Going line by line through the records below, write out everything starting with the line containing "Picture 5 of 16" and going on through the line containing "Montagnes néon avec", exactly and inclusively. Pictures do not go in.

■ **EXERCISE DATA**
.....

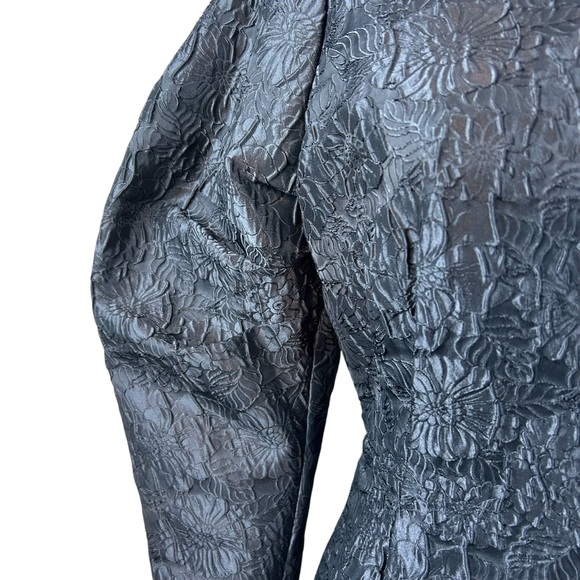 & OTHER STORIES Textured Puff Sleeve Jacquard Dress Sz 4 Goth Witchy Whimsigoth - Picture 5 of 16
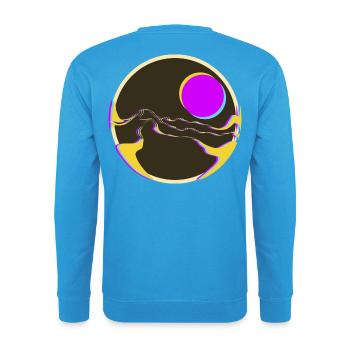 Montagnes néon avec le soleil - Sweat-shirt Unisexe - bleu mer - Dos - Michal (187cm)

.....

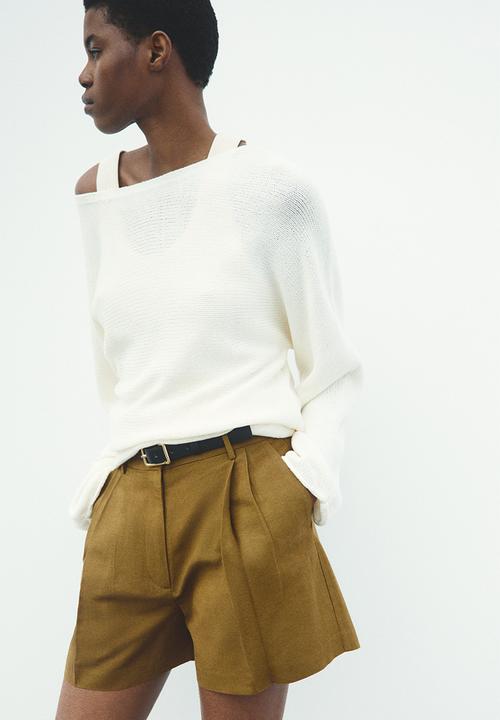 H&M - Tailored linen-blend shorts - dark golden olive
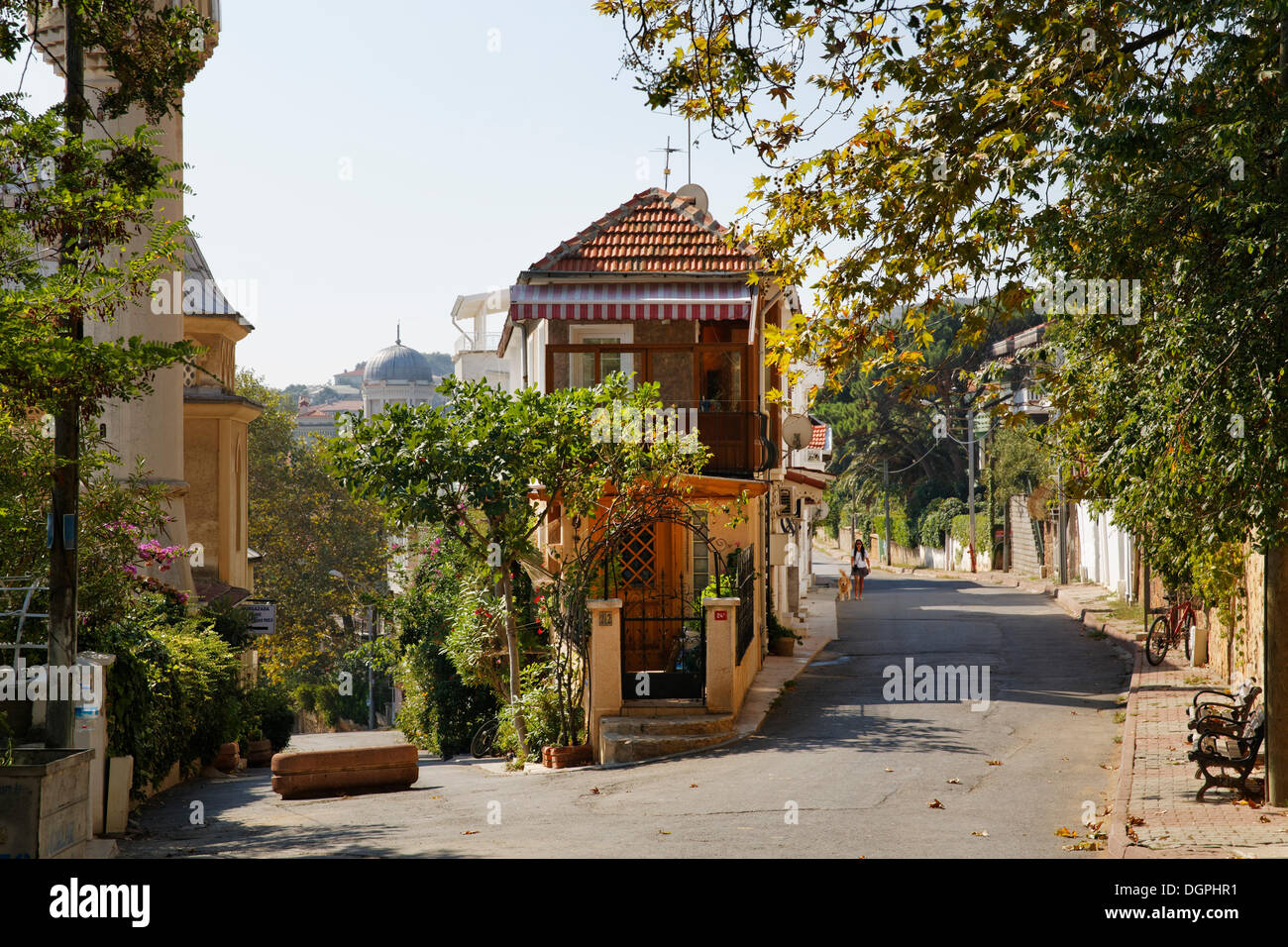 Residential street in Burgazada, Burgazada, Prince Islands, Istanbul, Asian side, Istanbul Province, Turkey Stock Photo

.....

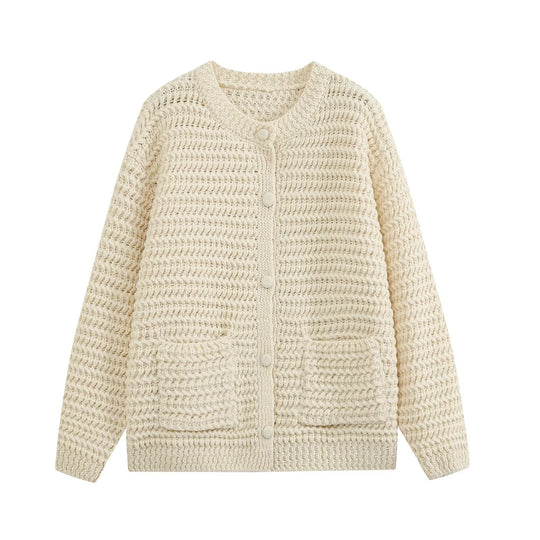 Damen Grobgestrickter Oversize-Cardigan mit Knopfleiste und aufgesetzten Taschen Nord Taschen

.....

■ **RESULT**
 & OTHER STORIES Textured Puff Sleeve Jacquard Dress Sz 4 Goth Witchy Whimsigoth - Picture 5 of 16
 Montagnes néon avec le soleil - Sweat-shirt Unisexe - bleu mer - Dos - Michal (187cm)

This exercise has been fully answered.